Ras Mesfin was enormously wealthy and widely considered the largest individual landowner in Ethiopia, and his estates were claimed to reach up to 50,000 gashas (2,000,000 ha) in Illubabor and Kaffa alone, in addition to large estates in Shewa and Hararghe.[5] He was head of the Patriots' Association, the national association of veterans of the resistance and a fiercely pro-monarchy group.[6]
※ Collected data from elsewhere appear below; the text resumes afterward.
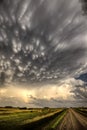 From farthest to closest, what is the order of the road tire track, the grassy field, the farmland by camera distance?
the grassy field → the farmland → the road tire track

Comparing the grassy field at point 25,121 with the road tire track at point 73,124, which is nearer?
the road tire track at point 73,124

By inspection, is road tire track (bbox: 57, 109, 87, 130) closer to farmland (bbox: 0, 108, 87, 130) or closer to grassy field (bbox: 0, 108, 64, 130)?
farmland (bbox: 0, 108, 87, 130)

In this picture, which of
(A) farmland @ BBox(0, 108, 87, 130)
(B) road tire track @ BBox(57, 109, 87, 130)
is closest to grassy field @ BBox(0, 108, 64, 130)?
(A) farmland @ BBox(0, 108, 87, 130)

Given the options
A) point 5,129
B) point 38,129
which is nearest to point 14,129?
point 5,129

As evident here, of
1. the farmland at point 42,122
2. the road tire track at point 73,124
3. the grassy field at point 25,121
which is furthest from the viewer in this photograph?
the grassy field at point 25,121

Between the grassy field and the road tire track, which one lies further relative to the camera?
the grassy field

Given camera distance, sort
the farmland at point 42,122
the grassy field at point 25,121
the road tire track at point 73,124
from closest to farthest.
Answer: the road tire track at point 73,124
the farmland at point 42,122
the grassy field at point 25,121

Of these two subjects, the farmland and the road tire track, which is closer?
the road tire track

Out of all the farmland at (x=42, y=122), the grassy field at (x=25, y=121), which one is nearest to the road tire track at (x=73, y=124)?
the farmland at (x=42, y=122)

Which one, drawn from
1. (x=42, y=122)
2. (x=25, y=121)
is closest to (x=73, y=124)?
(x=42, y=122)

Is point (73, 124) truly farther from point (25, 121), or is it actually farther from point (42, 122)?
point (25, 121)

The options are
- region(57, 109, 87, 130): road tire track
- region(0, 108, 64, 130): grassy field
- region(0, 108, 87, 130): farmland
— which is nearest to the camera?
region(57, 109, 87, 130): road tire track

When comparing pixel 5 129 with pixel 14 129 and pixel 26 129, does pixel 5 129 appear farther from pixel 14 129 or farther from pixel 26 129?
pixel 26 129

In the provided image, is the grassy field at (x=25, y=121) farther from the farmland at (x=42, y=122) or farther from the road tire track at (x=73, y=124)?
→ the road tire track at (x=73, y=124) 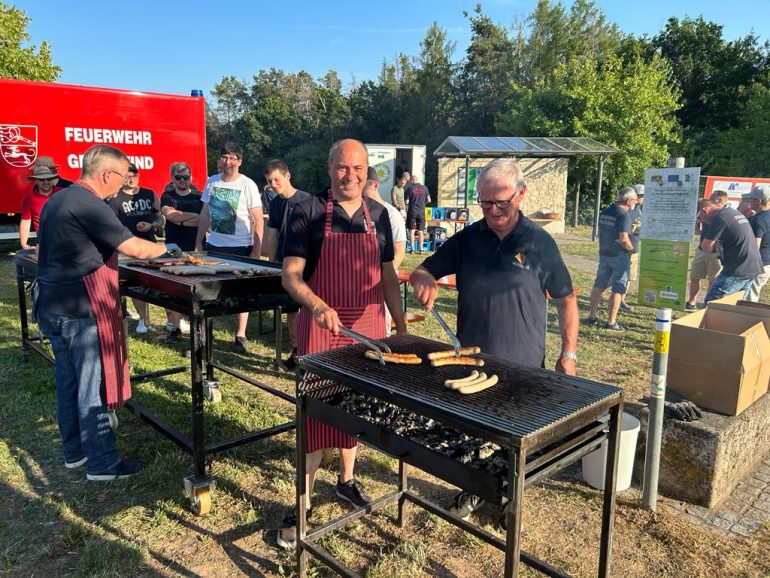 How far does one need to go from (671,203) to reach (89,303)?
4.61 metres

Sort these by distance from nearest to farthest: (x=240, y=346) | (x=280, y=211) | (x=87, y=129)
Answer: (x=280, y=211), (x=240, y=346), (x=87, y=129)

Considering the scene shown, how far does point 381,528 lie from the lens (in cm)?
295

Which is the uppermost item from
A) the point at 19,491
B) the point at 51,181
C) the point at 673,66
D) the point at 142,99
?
the point at 673,66

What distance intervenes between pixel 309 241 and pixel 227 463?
1.69m

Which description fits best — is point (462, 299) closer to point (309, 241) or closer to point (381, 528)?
point (309, 241)

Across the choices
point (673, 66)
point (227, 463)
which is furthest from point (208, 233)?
point (673, 66)

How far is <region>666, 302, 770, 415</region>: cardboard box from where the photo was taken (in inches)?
124

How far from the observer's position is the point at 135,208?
6.17 m

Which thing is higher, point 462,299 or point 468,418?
point 462,299

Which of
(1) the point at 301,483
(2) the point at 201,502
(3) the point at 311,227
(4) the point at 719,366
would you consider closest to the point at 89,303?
(2) the point at 201,502

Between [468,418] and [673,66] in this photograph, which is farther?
[673,66]

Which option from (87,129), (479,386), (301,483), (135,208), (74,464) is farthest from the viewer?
(87,129)

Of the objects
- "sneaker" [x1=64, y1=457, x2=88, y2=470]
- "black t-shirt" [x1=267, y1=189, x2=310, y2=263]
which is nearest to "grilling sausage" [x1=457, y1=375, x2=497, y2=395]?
"sneaker" [x1=64, y1=457, x2=88, y2=470]

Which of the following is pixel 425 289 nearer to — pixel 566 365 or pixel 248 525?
pixel 566 365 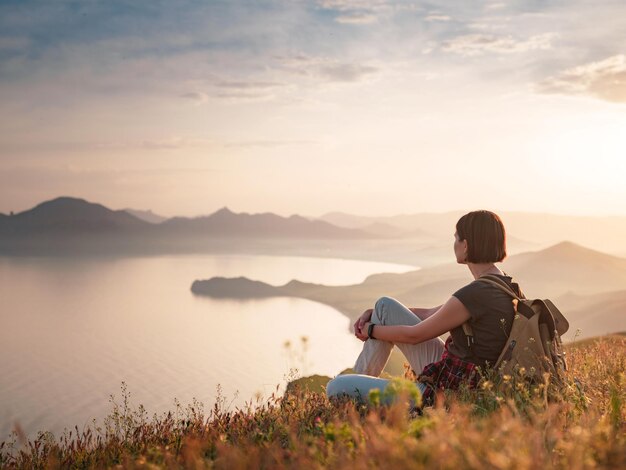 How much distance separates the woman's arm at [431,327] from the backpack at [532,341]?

After the Ethiopian Revolution, he was arrested by the Derg in August 1974 during the "creeping coup" and was among those summarily executed in the Massacre of the Sixty.

References

  1. ^ Uhlig, Siegbert (2003). Encyclopaedia Aethiopica: Volume 3: He-N. p. 833.
  2. ^ Uhlig, Siegbert (2003). Encyclopaedia Aethiopica: Volume 3: He-N. p. 833.
  3. ^ Uhlig, Siegbert (2003). Encyclopaedia Aethiopica: Volume 3: He-N. p. 833.
  4. ^ New trends in Ethiopian studies : Ethiopia 94 : papers of the 12th International Conference of Ethiopian Studies, Michigan State University, 5-10 September 1994. Marcus, Harold G., Hudson, Grover., Michigan State University., Thomas Leiper Kane Collection (Library of Congress. Hebraic Section). Lawrenceville, NJ: Red Sea Press. 1994. p. 736. ISBN 1569020159. OCLC 31121185.{{cite book}}: CS1 maint: others (link)
  5. ^ Okbazghi, Yohannes (2019). The United States and the Horn of Africa : an analytical study of pattern and process. London: Routledge. p. 121. ISBN 978-0429315732. OCLC 1105941187.
  6. ^ "Ethiopia in change". Africa (34). 1974. Retrieved 2 September 2019.